Midnight in Paris feels like it was released forty years ago, when Woody Allen was still finding his way and knew what themes he wanted to address in his films, but hadn’t found a compelling way to address them. Released in 2011, it’s unfortunately more of a reminder that Allen has lost his touch for humanism. This is a guy, for all his nervousness and cynicism, who has made several of the most endearing, empowering humanist visions of the cinema, someone who seems to put on the airs of mockery to satirize a world he’s truly in love with. Or maybe, it’s the other way around. Maybe he is truly cynical and hopeless but remains in love with the idea of humanity and romanticism, feeling the need to put them in all his films even when he finds them dishonest. After all, many of his films are subtle fantasies about love and longing that match bitter, insightful truth with genuine pathos and effervescence pointed strictly at the human race. This is a man who understands the joys and sorrows of life and society, and puts them at work in his films like they are his playthings, all the while feigning a cute passivity and weakness, like he’s both confused and amused at the world and doesn’t want to get away. Perhaps in his old age he’s just given up on society and enjoys the act of getting together with actors in a nice vacation-land for a few months and ordering fine food and wine with a film, his in the making, on the side.

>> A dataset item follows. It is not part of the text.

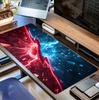 Ice And Fire Mouse Pad Large Computer Office Game Table Mat Xxl Rubber AntiSlip Stitched Edge Keyboard Mats Washable Desk Pads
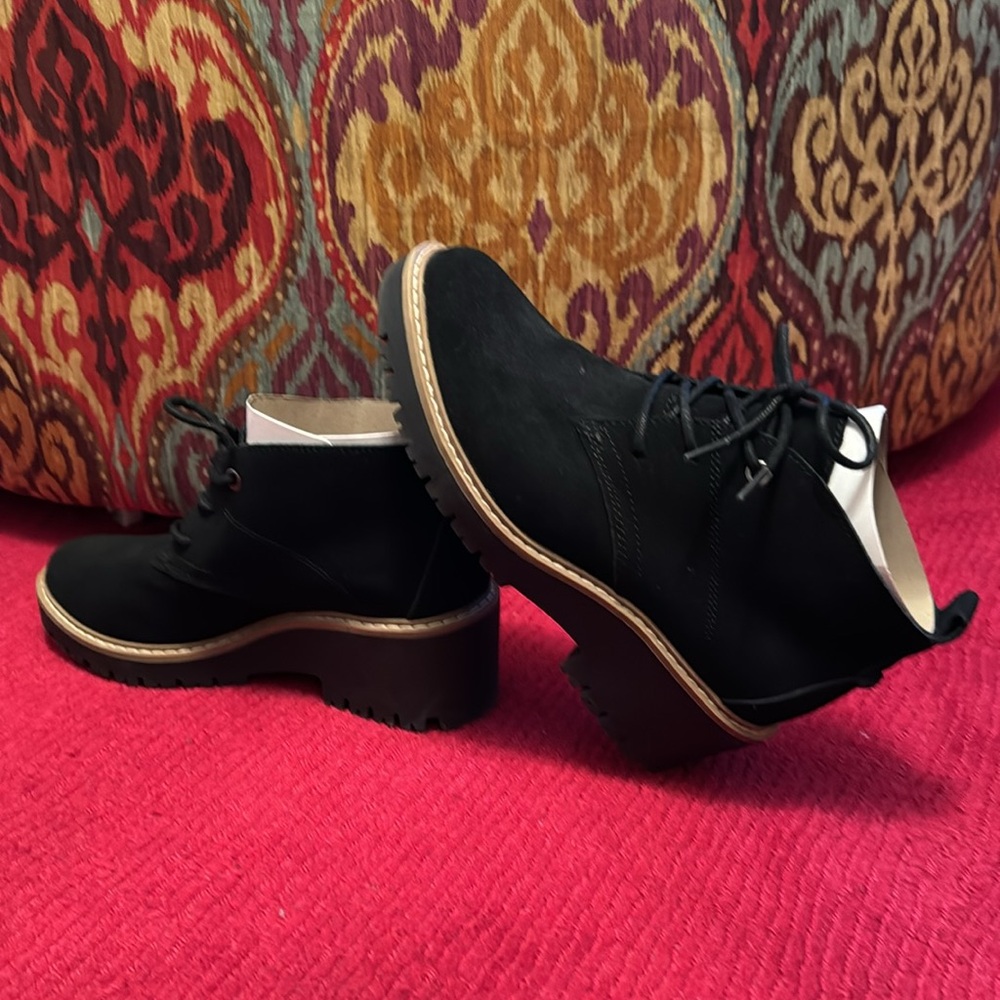 White Mountain Daniella Suede Leather Black Boots Women’s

That’s functionally fine – off-the-cuff Woody Allen isn’t necessarily a bad thing. Except of course Midnight in Paris desperately wants to be something more than off-the-cuff. It is, yes, his most openly romantic film in a long time, but it also uneasily attempts to undercut itself with a little of Allen’s trademark sorrow-filled insight. The film eventually reminds us all that the romantic image of the past he presents here is just that, an image, one we are forever blessed and doomed to have and one all people will have of the past. This sounds supremely compelling, if cliché, but unfortunately, the way Allen handles this is so light as to not even render. What’s more, with his main character, who is essentially a less openly neurotic version of Woody Allen played by Owen Wilson, Allen preaches more often than he infuses his ramblings about myth and romance into the film with nuance. He has his main character visit Paris in the present and (surprise) go back in time to the 1920s by the sheer force of the city’s majesty combined with his personal longing for a life long-gone. He meets all manner of famous people like Salvador Dali, Gertrude Stein, Ernest Hemingway, and F. Scott Fitzgerald, in scenes just funny enough to avoid being a case of “guess the character” for people who go to movies for no other reason than to feel smart by knowing the names of famous people long dead. Mostly, however, he meets Adriana (Marion Cotillard), who he falls instantly in love with (as hopeless romantics are wont to do), at which point he pursues her. They have some laughs and everyone learns a little about longing for the past and the eternal artifice of nostalgia…
…with the caveat that it mostly just comes down to a bunch of nice but unexceptional cinematography, some inoffensive chuckles, an excuse for celebrity cameos both of actors and characters, and a few moralistic lines about the nature of fairy tales and nostalgia and how they create an image that can’t be fulfilled and which must by nature distort objective reality. Odd then that this is in what is perhaps Allen’s most openly nostalgic film ever, a true modern fairy tale. Now, many filmmakers can pull this off, embracing something while subtly undermining it. It’s a brilliant trick of the cinema, especially when the undermining is more visual than anything else. If anything, this has been Allen’s forte, although he relies more on scripting than images; he has always been able to capture the nuances of the human experience through a pen of cynical humanism. Sorry, but Allen fails here. We get the sense that the moral is tacked on for superficial depth to what would otherwise be openly, almost grossly romantic. His heart just doesn’t seem in it, probably too busy gushing over the glorious vistas and streets of Paris he essays here. But the problem, a somewhat crippling and fundamental one, is that Allen’s undermining of his filmic romanticism is so superficial it detracts rather than adds – and the film ends up having an identity crisis while wagging its finger at the audience. Curiously, this film reminded me of the recent glut over the past few years of action films which tack on anti-violence messages in the last five or ten minutes. The only joy out of this comparison: the split-second thought of Woody Allen directing an action movie.
If Allen is trying to have his cake and eat it too, at least it’s a pleasant enough confectionary to begin with that it goes down easily, emphasis on the confection. This is a sweet film with humor lighter than a feather. It looks great. But Allen’s fairy tales used to be inseparable from their own realities – his ability to make us fall in love with his cinematic romanticism and understand its falsity were melded. That is what made Allen so special in a medium that often favors one over the other. Here, they’re at odds, and neither aspect is particularly well-handled to begin with. The film stars Owen Wilson doing a passable imitation of Allen, and that’s about what this film feels like. A passable imitation, but not the real thing.